The first, delivered earlier this year, was thrown out on a technicality, and the second is still awaiting appeal. Lawyer Stewart Cruikshank is representing the tenants, many of whom will not be able to find equivalent housing in the east-end community.

“Many of these people are on long-term disability — it’s not like we can move them out and there’s nice, affordable housing down the street,” he said. “Nobody is building affordable housing anymore.”

Cruikshank said the type of renovation that the owners are proposing — tearing out the kitchens and replacing them with individual bathrooms, and building a single communal kitchen in the basement — suggests that the owners might be attempting to create a student hostel or an Airbnb-style short-term rental.

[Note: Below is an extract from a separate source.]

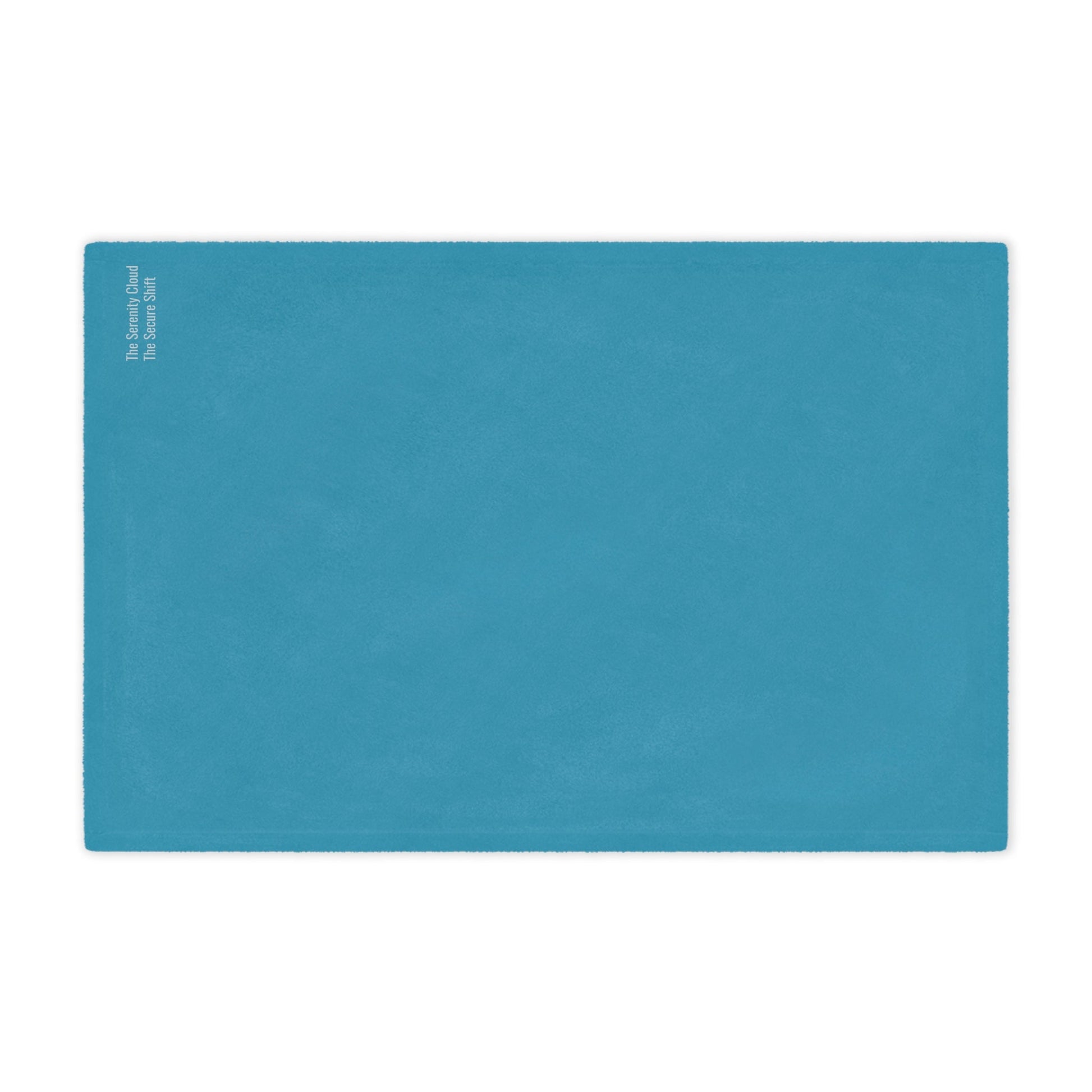 Volume 3 | The Atmospheric Stillness Blanket - Cozy Teal | Home Decor | ShopTheSecureShift.com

In an interview March 13, Ian Leggett — one of the new owners — said there are no plans to do either of those things, and the intent is to continue to use the facility as a rooming house, as it’s currently permitted.

He said the main reason for the renovation is simply the age and condition of the building.

“The reason behind the renovation is we purchased this property from somebody who had been letting it go derelict,” he said. “There’s an archaic heating system — a steam boiler, it’s inefficient, it doesn’t provide adequate heat and some of the radiators are broken — you can’t turn them off. There’s the possibility of those old pipes corroding — a burst pipe would be a nightmare. And the electrical is spaghetti, and the plumbing’s not great.”

Cruikshank said he anticipated that the new units would be if not affordable, at the lower end of the rental market.

But in Toronto’s superheated rental market, that may not be enough. Tenant Aya Higuchi has lived in her room for a year and a half and despairs at being able to find anything to match the $800 a month she pays now.

The place she’s in is spare but she’s made it home, and has access to a tiny balcony and natural light. She has to share a bath with four other tenants and she said she’s fine with that.

She’s fearful that if she’s finally evicted, she’ll be effectively homeless.

“At this moment, I just want to keep fighting,” she said. “My family is in Japan so I can’t ask anyone for help. I have no place to go.”

Local Ward 14 Coun. Paula Fletcher helped organize the rally, and she vowed to fight the “renoviction” at city hall. She noted that there is very little that can be done with the property other than maintain it as a rooming house. But she said that market forces, and a loophole in provincial law that fails to protect tenants in units that aren’t self-contained, makes it difficult.

“This is the second tsunami,” she said. “The first is that prices of housing is going very high so people can’t afford to buy, and very little rental is being built. The second is the renovictions.”